Certains animaux ne devraient-ils pas avoir le statut de personne?

Oui, je reconnais que les humains ont bien réussi (jusqu’à présent), et leur intelligence est manifeste quand on regarde toutes leurs réalisations, mais je n’accepte pas qu’ils affirment être les seuls détenteurs des aptitudes intellectuelles telles que pensée, connaissance, raison, compréhension. (La mémoire aussi est une aptitude intellectuelle, mais dans ce cas, on accepte qu’elle puisse exister ailleurs que chez les humains, sans doute parce que ça fait déjà très longtemps qu’on a inventé une mémoire artificielle: l’écriture.) De plus en plus, les biologistes qui étudient les mammifères, observent chez plusieurs espèces beaucoup de manifestations de leur intelligence: capacité d’utiliser des outils, de résoudre des problèmes, d’imiter, de jouer, d’inventer, de créer, d’innover, d’avoir conscience de soi, de la mort, de faire preuve d’altruisme, d’avoir une culture; ces animaux devraient sans doute être considérés comme des personnes à part entière.

Et qu’est-ce que l’intelligence?

Mais finissons par ce qui aurait peut-être dû être le début.

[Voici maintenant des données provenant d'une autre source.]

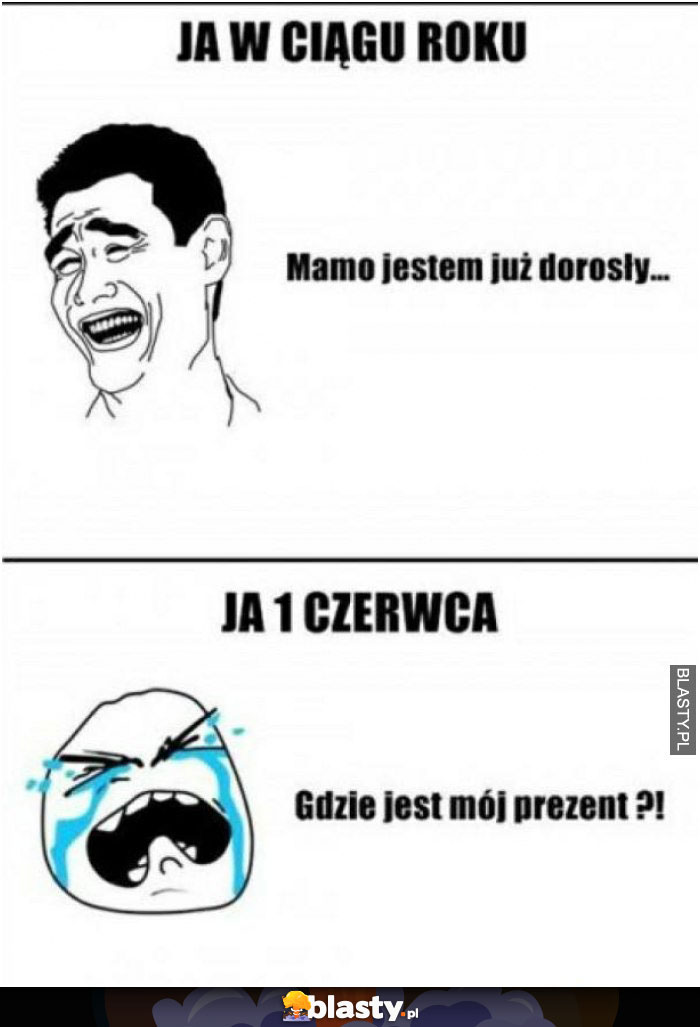 Ja w ciągu roku mamo jestem już dorosły vs Ja 1 czerwca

Qu’est-ce que l’intelligence? En fait, tout ce que j’ai écrit dans les paragraphes précédents peut être contesté dépendant de la définition qu’on donne au mot « intelligence ». Je pense que tous ces concepts: instinct, intelligence, conscience, pensée, raison, esprit, âme, qui ont été inventés dans l’antiquité, sont sans doute complètement désuets. La réalité, c’est que dans notre tête, nous avons un enchevêtrement de neurones dont la complexité a permis à notre espèce de survivre jusqu’à maintenant. Va-t-on un jour y comprendre quelque chose? Pourquoi pas: les neurosciences s’y consacrent.

2 commentaires pour L’intelligence avec un petit ‘i’, la pensée avec un petit ‘p’

  1. Luc Morin dit :

    « à moins que ce soit déjà cette démence qui agit et qui me fait écrire ces choses étranges… »

    Ce serait la preuve que la folie est proche du génie.
    Un brillant exposé, félicitations.

  2. Richard Bastien dit :

    Toujours intéressant de te lire mon cher Pierre.